Collected data:
BEGIN
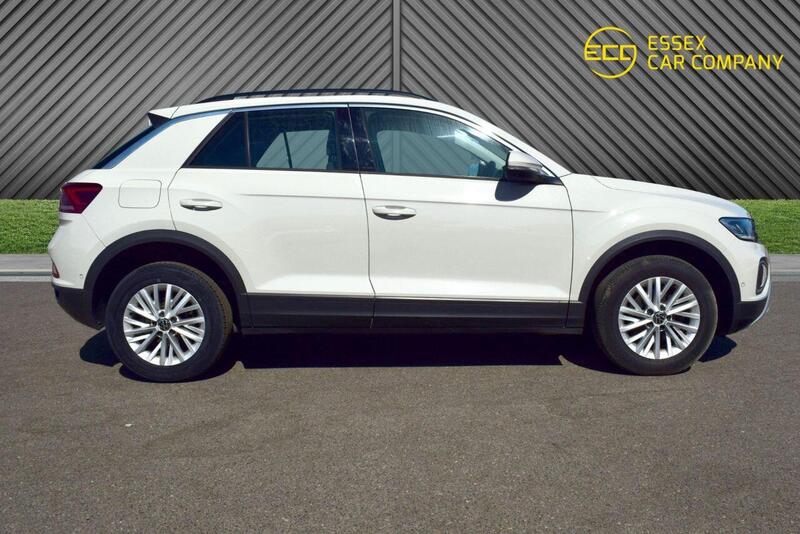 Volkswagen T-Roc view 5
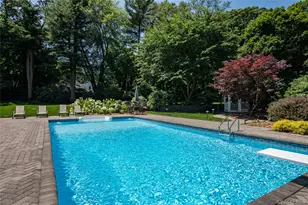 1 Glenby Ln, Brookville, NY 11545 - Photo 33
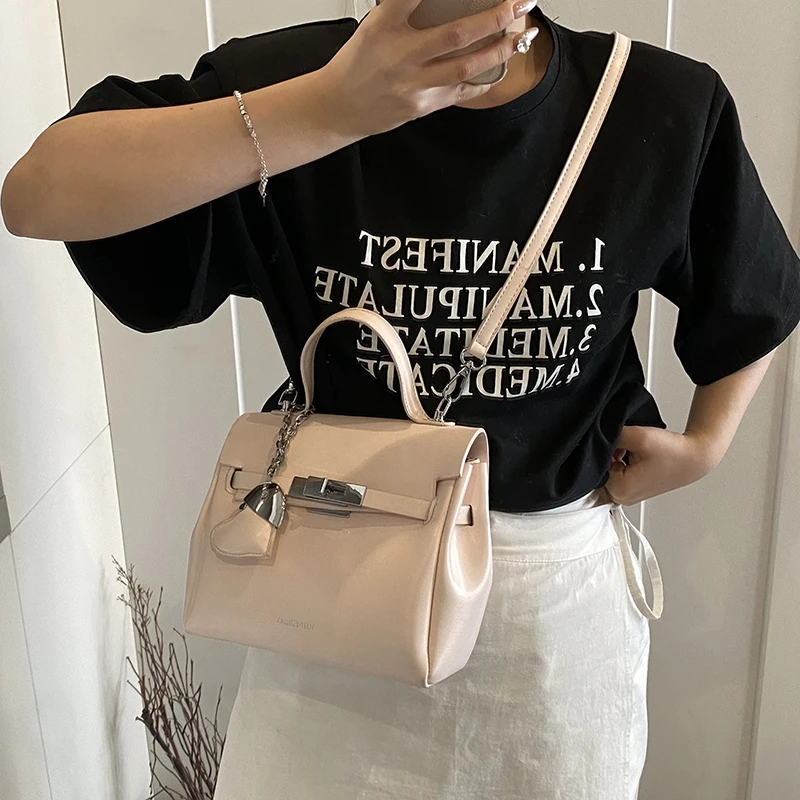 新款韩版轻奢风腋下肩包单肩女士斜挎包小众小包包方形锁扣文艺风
END
Set down the material above exactly. Skip any picture.

 Volkswagen T-Roc view 5
 1 Glenby Ln, Brookville, NY 11545 - Photo 33
 新款韩版轻奢风腋下肩包单肩女士斜挎包小众小包包方形锁扣文艺风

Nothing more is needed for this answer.